Em 5 de junho de 2017, a peticionária apresentou manifestação, com relação à Nota Técnica nº 15/2017, em que foi feito um histórico da presente investigação, e ao final, roga pela ratificação das conclusões do Parecer de início da investigação.

Nessa mesma manifestação, a peticionária afirmou que vários países do mundo produzem tubos de aço sem costura, não havendo risco de problemas de abastecimento por limitação de oferta. No que concerne este tema, acrescentou que a indústria doméstica tem capacidade instalada efetiva suficiente para atender a toda a demanda do mercado brasileiro, se necessário. A capacidade nominal teria permanecido a mesma por todo o período investigado, tendo havido apenas um aumento de horas de parada devido à redução dos pedidos. Segundo a peticionária, se a capacidade instalada efetiva nos últimos dois meses de P5 fosse equivalente à média dos dez primeiros meses do período, tal capacidade seria equivalente a [CONFIDENCIAL]toneladas/ano nesse período. Da mesma forma, se a capacidade instalada efetiva nos últimos dois meses de P4 fosse calculada considerando o número de dias de paradas médio de P1 a P4 em novembro e em dezembro de 2015, tal capacidade seria equivalente a [CONFIDENCIAL]toneladas/ano neste período.

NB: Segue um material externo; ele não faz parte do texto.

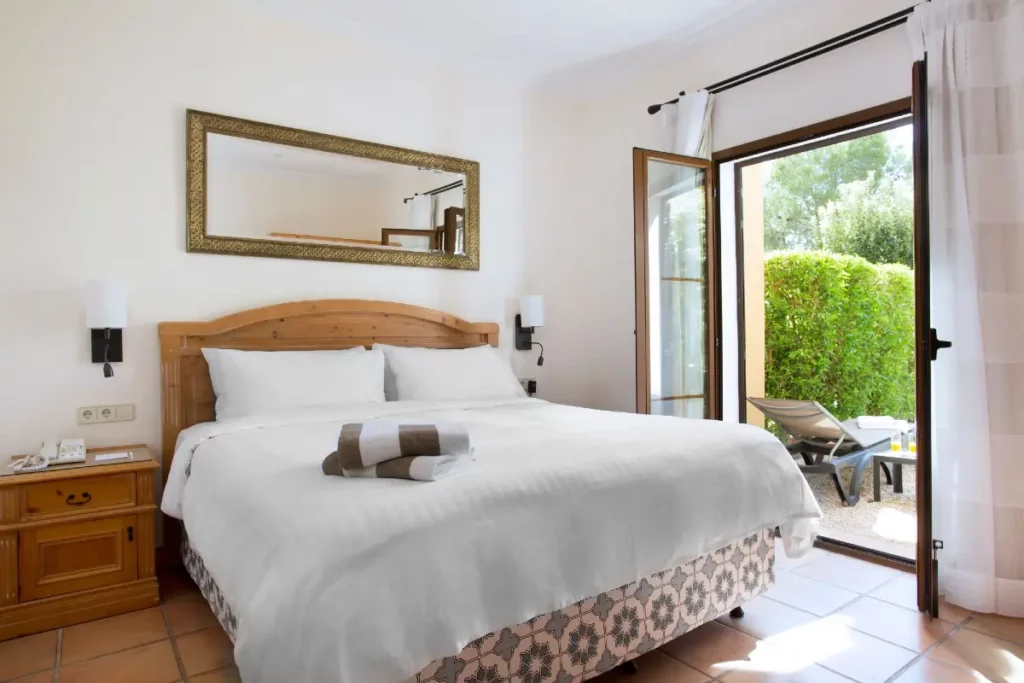 Marriott Son Antem Villa King Bed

9.1       Dos comentários acerca das outras manifestações

Os posicionamentos exarados neste Anexo levaram em conta os comentários da peticionária e as conclusões sobre a capacidade instalada constam do item 7.3 deste Anexo.

10                DO CÁLCULO DO DIREITO ANTIDUMPING DEFINITIVO

Conforme dispõe o art. 106 do Decreto nº 8.058, de 2013, o prazo de aplicação de um direito antidumping poderá ser prorrogado, desde que demonstrado que a extinção desse direito levaria, muito provavelmente, à continuação ou retomada do dumping e do dano decorrente de tal prática.

No caso em tela, ficou caracterizada a probabilidade de retomada de dumping nas exportações de tubos de aço sem costura da Romênia para o Brasil, durante o período de revisão de dumping, bem como a probabilidade de retomada de dano à indústria doméstica decorrente de tal prática.

Tendo em vista os reduzidos volumes de importações provenientes da origem sujeita ao direito antidumping e a sua reduzida participação no mercado brasileiro ao longo do período de revisão, considera-se que, no nível atual, o direito antidumping em vigor mostrou-se suficiente para neutralizar os efeitos danosos causados pelas exportações romenas a preços de dumping.

11                DA RECOMENDAÇÃO

Consoante a análise precedente, concluiu-se que a extinção do direito antidumping aplicado às importações brasileiras de tubos de aço carbono sem costura originárias da Romênia muito provavelmente levará à retomada do dumping e à retomada do dano à indústria doméstica dele decorrente.

 

Assim, nos termos do art. 106 c/c art. 107, § 4º do Regulamento Brasileiro, recomenda-se a prorrogação do direito antidumping em vigor aplicado às importações brasileiras de tubos de aço carbono, sem costura, de condução (line pipe), utilizados para oleodutos e gasodutos, com diâmetro de até cinco polegadas, originárias da Romênia, comumente classificadas no item 7304.19.00 da Nomenclatura Comum do MERCOSUL - NCM, sob a forma de alíquota ad valorem de 14,3%.